◆ Material provided ◆
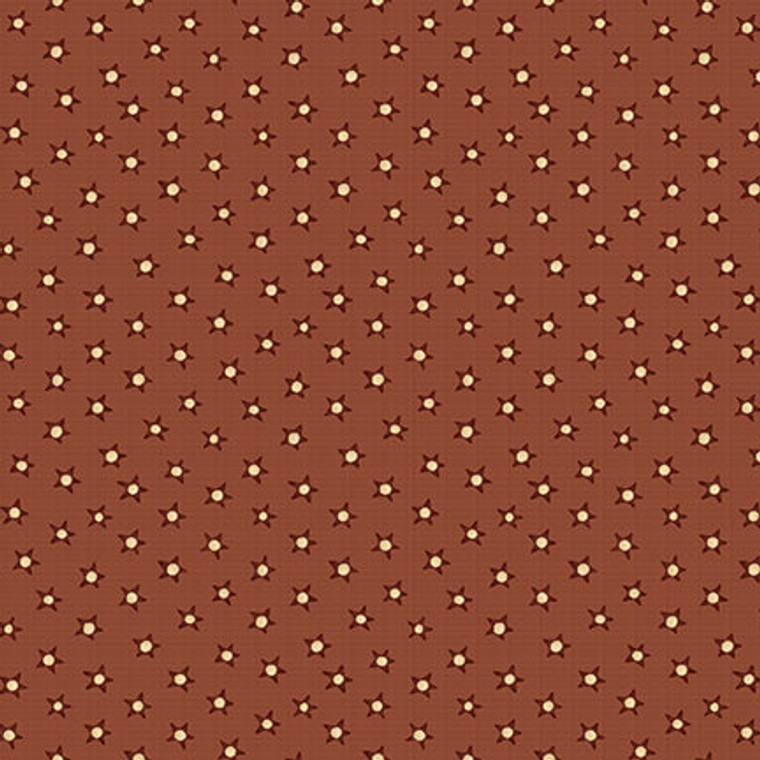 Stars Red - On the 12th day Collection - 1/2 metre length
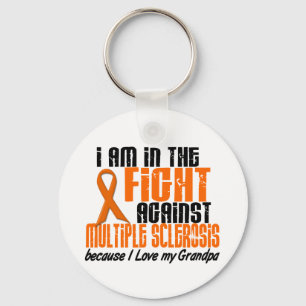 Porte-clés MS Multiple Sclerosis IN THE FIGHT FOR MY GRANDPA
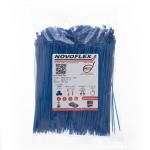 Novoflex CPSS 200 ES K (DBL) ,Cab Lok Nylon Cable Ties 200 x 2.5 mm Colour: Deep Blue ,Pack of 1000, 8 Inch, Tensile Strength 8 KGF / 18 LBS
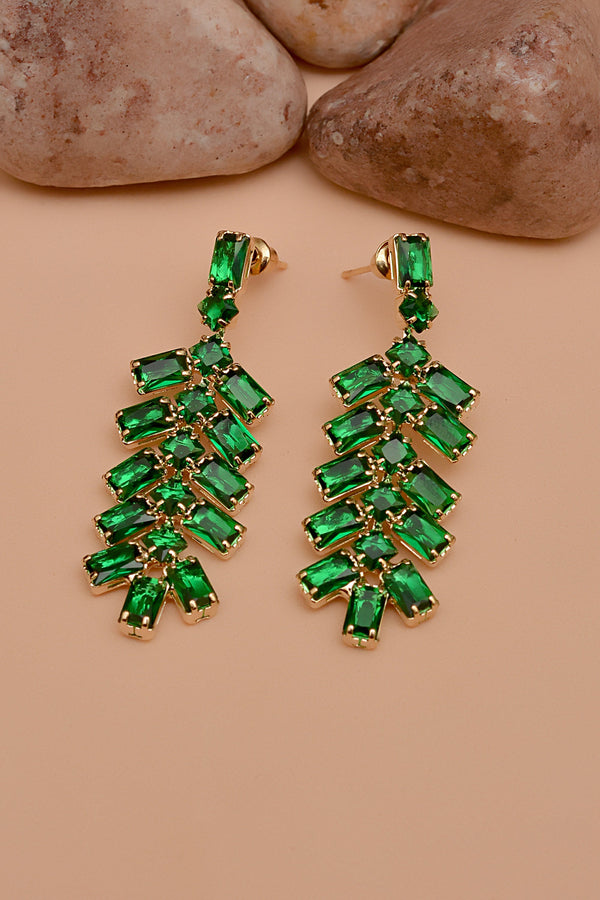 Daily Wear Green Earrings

---

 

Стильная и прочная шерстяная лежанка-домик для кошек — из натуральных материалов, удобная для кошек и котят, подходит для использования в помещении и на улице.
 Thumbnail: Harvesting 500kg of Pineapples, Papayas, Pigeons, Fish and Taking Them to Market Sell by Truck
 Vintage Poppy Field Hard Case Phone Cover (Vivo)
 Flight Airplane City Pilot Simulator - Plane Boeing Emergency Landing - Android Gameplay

==

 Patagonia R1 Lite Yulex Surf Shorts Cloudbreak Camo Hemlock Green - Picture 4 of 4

◆ Directions for this task ◆
Reproduce the listing above from the line that holds "Novoflex CPSS 200" through the line that holds "Daily Wear Green Earrings", both included, with the pictures left out.

◆ Response area ◆
 Novoflex CPSS 200 ES K (DBL) ,Cab Lok Nylon Cable Ties 200 x 2.5 mm Colour: Deep Blue ,Pack of 1000, 8 Inch, Tensile Strength 8 KGF / 18 LBS
 Daily Wear Green Earrings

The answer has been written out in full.